### [Prompt]
Starting at the line that holds "this 711×532 image.", set down each line through the end of the listing, exactly as written and with nothing added.

### [Provided entries]
******
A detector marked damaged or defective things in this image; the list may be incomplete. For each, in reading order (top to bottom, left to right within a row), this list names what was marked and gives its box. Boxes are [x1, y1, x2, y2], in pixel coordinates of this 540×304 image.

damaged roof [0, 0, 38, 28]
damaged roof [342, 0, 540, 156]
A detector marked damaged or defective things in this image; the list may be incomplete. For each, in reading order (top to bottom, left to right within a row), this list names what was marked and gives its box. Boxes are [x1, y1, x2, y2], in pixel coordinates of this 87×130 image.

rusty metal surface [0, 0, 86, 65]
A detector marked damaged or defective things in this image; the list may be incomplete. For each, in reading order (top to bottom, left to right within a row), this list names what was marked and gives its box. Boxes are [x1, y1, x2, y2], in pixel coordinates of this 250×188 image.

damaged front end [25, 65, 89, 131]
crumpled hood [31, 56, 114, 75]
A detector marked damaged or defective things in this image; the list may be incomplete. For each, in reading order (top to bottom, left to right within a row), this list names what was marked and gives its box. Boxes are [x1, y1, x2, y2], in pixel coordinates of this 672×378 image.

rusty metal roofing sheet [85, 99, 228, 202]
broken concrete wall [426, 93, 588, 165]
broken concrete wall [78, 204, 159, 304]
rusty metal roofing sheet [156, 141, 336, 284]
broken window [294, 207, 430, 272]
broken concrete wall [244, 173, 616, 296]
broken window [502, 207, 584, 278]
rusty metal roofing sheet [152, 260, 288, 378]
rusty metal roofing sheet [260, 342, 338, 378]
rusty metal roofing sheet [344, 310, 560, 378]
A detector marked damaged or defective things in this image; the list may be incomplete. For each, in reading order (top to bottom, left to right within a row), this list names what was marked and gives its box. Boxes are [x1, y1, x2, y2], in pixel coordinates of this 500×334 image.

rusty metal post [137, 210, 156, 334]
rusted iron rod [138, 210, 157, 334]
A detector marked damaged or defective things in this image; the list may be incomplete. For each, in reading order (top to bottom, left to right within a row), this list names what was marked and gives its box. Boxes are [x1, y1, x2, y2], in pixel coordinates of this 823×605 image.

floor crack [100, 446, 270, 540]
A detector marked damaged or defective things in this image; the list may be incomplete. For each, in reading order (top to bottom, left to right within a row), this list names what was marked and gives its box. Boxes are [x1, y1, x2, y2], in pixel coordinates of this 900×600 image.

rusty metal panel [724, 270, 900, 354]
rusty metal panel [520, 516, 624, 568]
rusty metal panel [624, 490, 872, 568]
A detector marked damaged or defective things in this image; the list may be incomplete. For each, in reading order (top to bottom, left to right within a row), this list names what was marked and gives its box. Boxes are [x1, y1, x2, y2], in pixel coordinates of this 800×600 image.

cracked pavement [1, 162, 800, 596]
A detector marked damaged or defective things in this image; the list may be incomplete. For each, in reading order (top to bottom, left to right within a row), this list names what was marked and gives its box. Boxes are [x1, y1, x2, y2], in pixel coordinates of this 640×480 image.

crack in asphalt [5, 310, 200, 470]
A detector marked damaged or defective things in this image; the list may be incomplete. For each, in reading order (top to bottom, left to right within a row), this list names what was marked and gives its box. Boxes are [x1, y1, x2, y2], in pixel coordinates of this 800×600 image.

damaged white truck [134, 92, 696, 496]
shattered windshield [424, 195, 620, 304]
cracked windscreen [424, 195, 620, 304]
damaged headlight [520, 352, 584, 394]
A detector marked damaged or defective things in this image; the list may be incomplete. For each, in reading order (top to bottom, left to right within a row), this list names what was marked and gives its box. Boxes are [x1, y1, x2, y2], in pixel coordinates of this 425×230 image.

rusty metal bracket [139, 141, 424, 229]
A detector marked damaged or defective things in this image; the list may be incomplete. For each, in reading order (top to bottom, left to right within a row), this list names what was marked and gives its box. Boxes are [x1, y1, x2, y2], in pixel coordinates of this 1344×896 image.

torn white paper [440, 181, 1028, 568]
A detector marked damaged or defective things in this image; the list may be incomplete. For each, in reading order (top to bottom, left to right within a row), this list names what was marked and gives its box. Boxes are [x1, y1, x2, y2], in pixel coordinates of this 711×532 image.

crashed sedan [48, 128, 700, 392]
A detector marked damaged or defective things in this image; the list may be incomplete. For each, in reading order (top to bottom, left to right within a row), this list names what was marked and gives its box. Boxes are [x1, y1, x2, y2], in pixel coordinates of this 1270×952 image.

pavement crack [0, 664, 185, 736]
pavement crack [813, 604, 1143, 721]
******
### [Reply]
A detector marked damaged or defective things in this image; the list may be incomplete. For each, in reading order (top to bottom, left to right within a row), this list names what was marked and gives its box. Boxes are [x1, y1, x2, y2], in pixel coordinates of this 711×532 image.

crashed sedan [48, 128, 700, 392]
A detector marked damaged or defective things in this image; the list may be incomplete. For each, in reading order (top to bottom, left to right within a row), this list names what was marked and gives its box. Boxes are [x1, y1, x2, y2], in pixel coordinates of this 1270×952 image.

pavement crack [0, 664, 185, 736]
pavement crack [813, 604, 1143, 721]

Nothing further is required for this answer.